** REQUIRED WORK **
Transcribe the entries that come next exactly, but not the pictures they contain.

--------

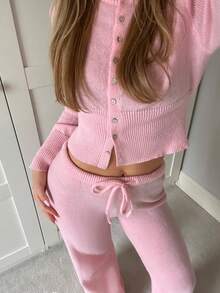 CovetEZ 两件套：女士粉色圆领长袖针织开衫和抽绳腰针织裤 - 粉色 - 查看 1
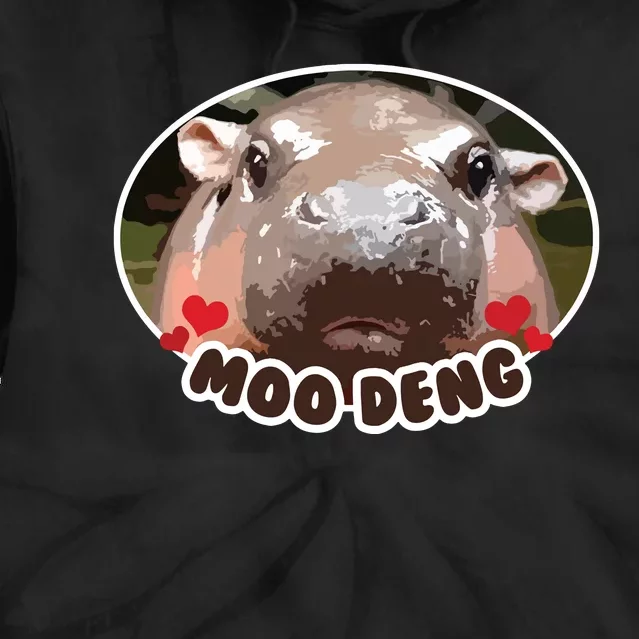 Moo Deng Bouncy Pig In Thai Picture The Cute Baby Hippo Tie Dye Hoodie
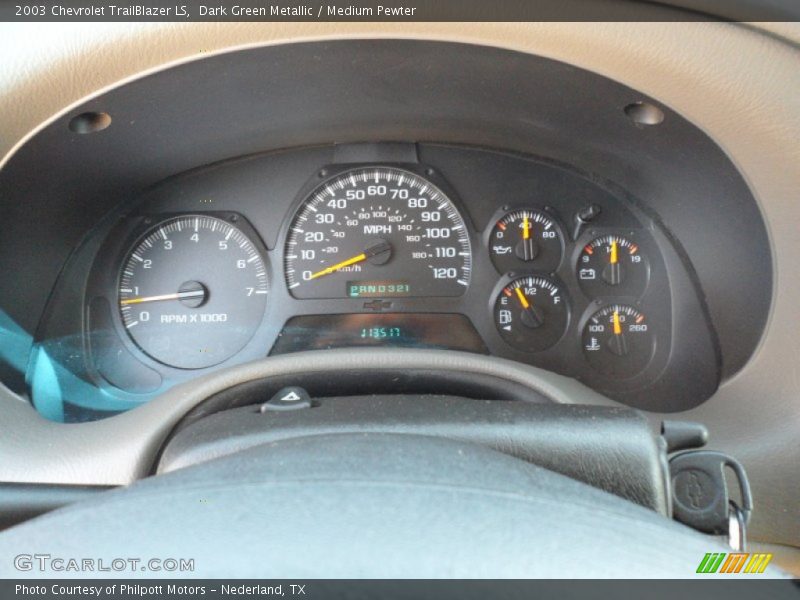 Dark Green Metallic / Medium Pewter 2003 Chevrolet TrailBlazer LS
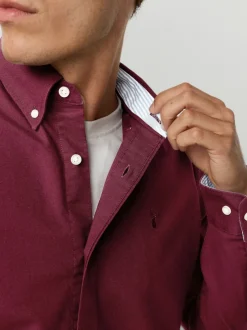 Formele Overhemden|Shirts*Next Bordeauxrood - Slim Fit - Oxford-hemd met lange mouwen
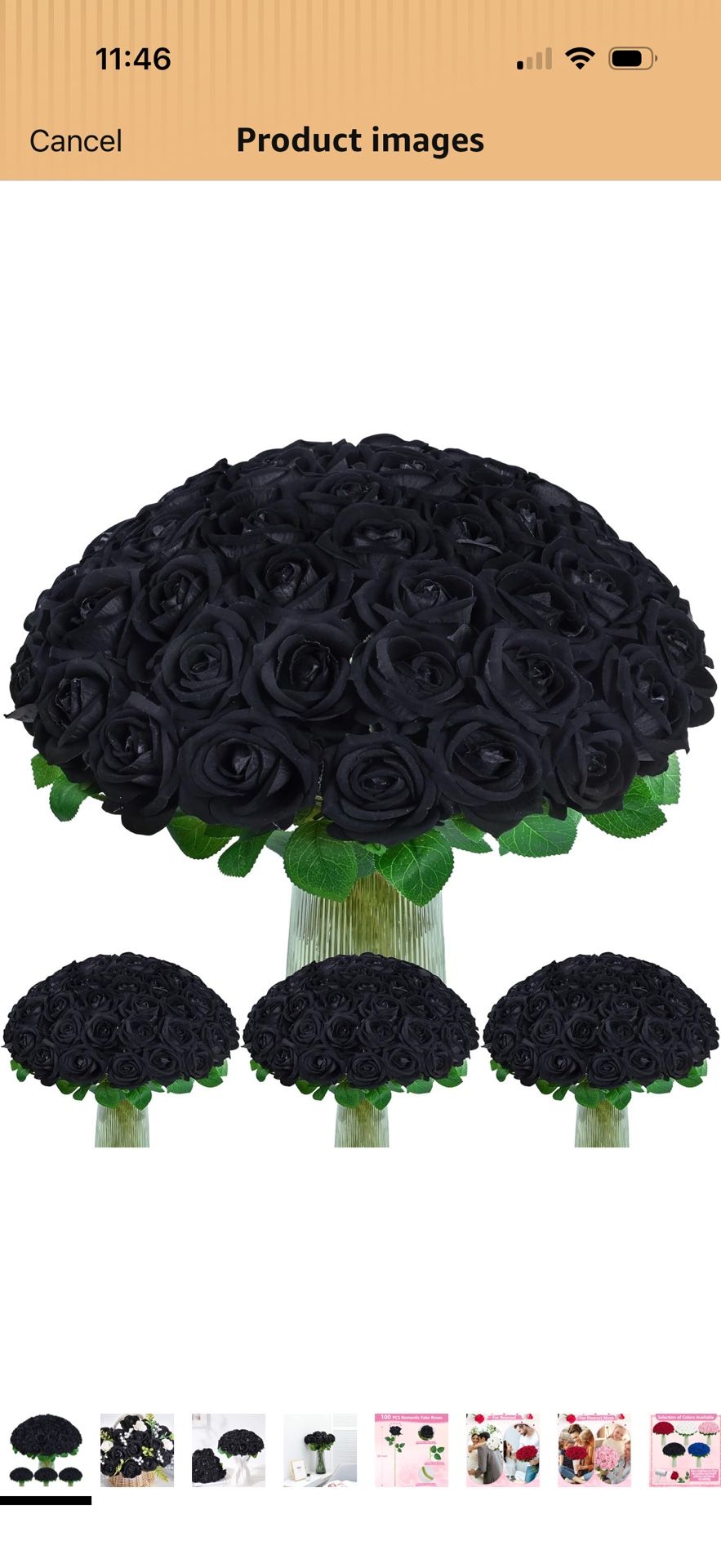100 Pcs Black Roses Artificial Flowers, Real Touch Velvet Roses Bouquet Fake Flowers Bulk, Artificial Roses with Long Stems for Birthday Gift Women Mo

--------

** EXPECTED OUTPUT **
 CovetEZ 两件套：女士粉色圆领长袖针织开衫和抽绳腰针织裤 - 粉色 - 查看 1
 Moo Deng Bouncy Pig In Thai Picture The Cute Baby Hippo Tie Dye Hoodie
 Dark Green Metallic / Medium Pewter 2003 Chevrolet TrailBlazer LS
 Formele Overhemden|Shirts*Next Bordeauxrood - Slim Fit - Oxford-hemd met lange mouwen
100 Pcs Black Roses Artificial Flowers, Real Touch Velvet Roses Bouquet Fake Flowers Bulk, Artificial Roses with Long Stems for Birthday Gift Women Mo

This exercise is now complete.